El rigor de Sarkozy
Es un hecho que el Gobierno francés endurece progresivamente su política inmigratoria. Como lo es que la inmigración ha adquirido ya un papel preponderante en las elecciones presidenciales de 2007, para las que los líderes políticos han comenzado a calentar motores. El miedo que suscita la inmigración incontrolada, sus vínculos con la seguridad ciudadana -que tuvo su exponente álgido en los disturbios de los suburbios franceses de noviembre pasado-, forman parte del discurso político no sólo de la extrema derecha de Jean-Marie Le Pen. Tanto el ministro del Interior y máximo aspirante conservador a la jefatura del Estado, Nicolas Sarkozy, como su presumible oponente desde el campo socialista, Ségolène Royal, menudean en propuestas para erradicar la violencia y mejorar las condiciones de vida en las zonas de gran densidad inmigratoria.
Sarkozy, uno de cuyos objetivos es contener el voto de Le Pen, es el impulsor de una ley aprobada en junio para facilitar la inmigración de trabajadores cualificados y dificultar la del resto. Pretende también incrementar las expulsiones este año de sin papeles, de los entre 200.000 y 400.000 que se calculan en Francia. Ahora, acabado el plazo para la regularización de familias de inmigrantes ilegales con al menos un hijo escolarizado, el ministro del Interior ha quebrado su promesa de amnistiar a un tercio de las familias en esta situación. La ley establece que un menor de 16 años que estudia en Francia no pude ser expulsado, y, por ende, tampoco sus padres. De las 30.000 solicitudes habidas, el Gobierno atenderá 6.000 con criterios estrictos. El resto tendrán que abandonar Francia en el plazo aproximado de un mes. Las protestas y movilizaciones populares sólo han conseguido que Interior acepte considerar las posibles excepciones caso por caso.
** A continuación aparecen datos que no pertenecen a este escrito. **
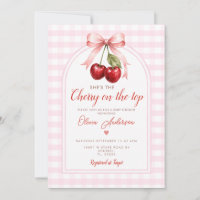 Boho Kirsche auf dem Baby-Shower mit rosa Schleife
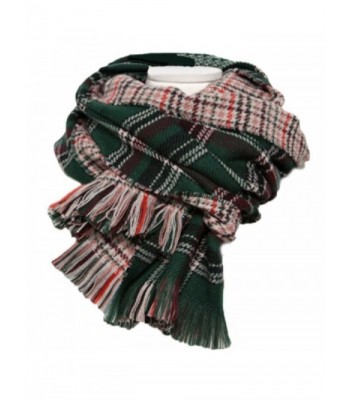 Women's Colorful Plaid Tartan Blanket Scarf Large Winter Shawl Wrap with Fringe - Green - C012612JQWZ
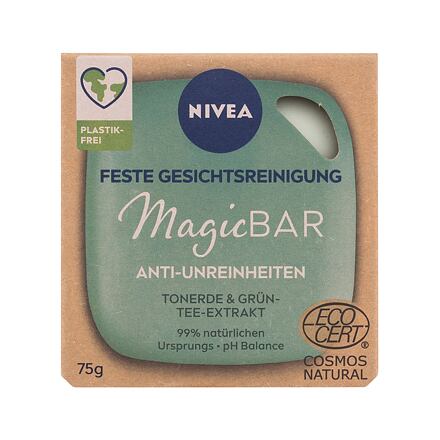 Nivea Magic Bar Anti-Blemishes Clay & Green Tea čisticí a exfoliační pleťové mýdlo 75 g pro ženy
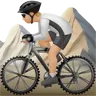 Person Mountain Biking: Medium-Light Skin Tone Emoji 🚵🏼 image - Apple style
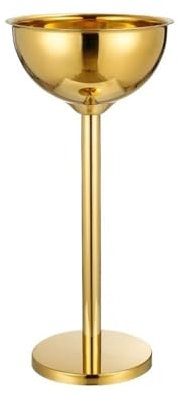 Ice Bucket Home Party Ice Wine Bucket Bar Ice Bucket Vertical Stainless Steel Champagne Bucket Thickened Outdoor Ice Wine Basin Drinks Cooler/Beer Bucket(Gold)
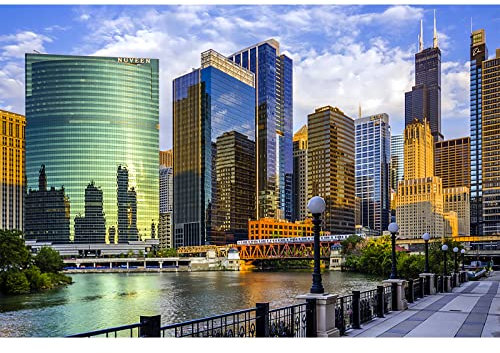 Puzzle 1000 Teile Chicago City Illinois Gebäude Klassisches Puzzle DIY Kit Holzspielzeug Einzigartiges Geschenk Wohnkultur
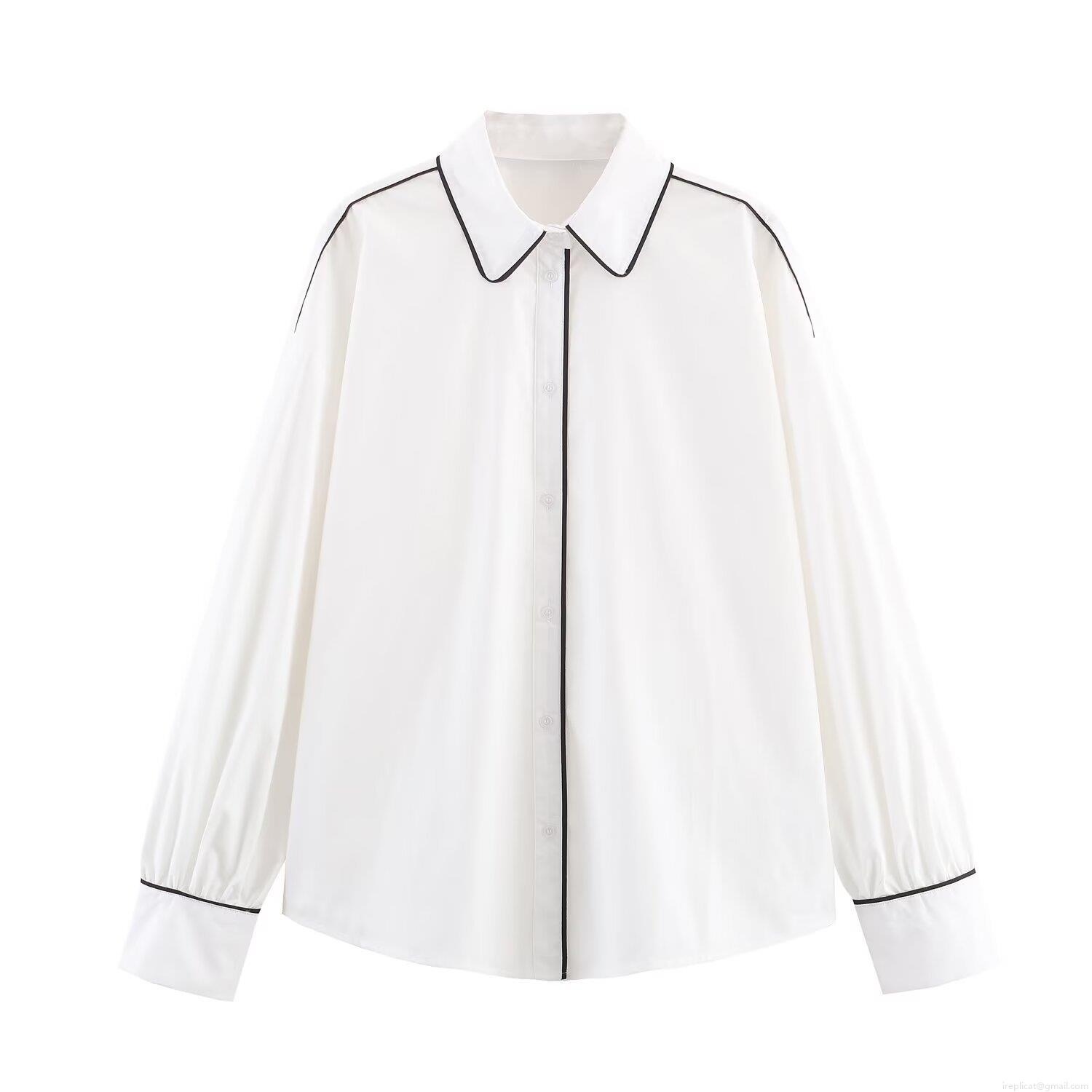 Women's Poplin Long Sleeve Blouse Contrast Trim Button Down Shirt Elegant Office Casual Minimalist Top For Ladies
El problema de la inmigración ilegal, en cualquier caso, está ahí, con o sin las discutibles políticas de Sarkozy al hilo de sus aspiraciones presidenciales. Y resulta especialmente acuciante para algunos países europeos, entre los que figura España. El fenómeno, uno de los grandes retos del siglo, no puede abordarse con criterios mínimamente igualitarios mientras no se contemple en el contexto amplio de las lacerantes desigualdades entre países ricos y miserables. Pero entretanto exige a gritos la coordinación efectiva y urgente de los Gobiernos de la Unión Europea, más allá de las grandes palabras y los proyectos irreales.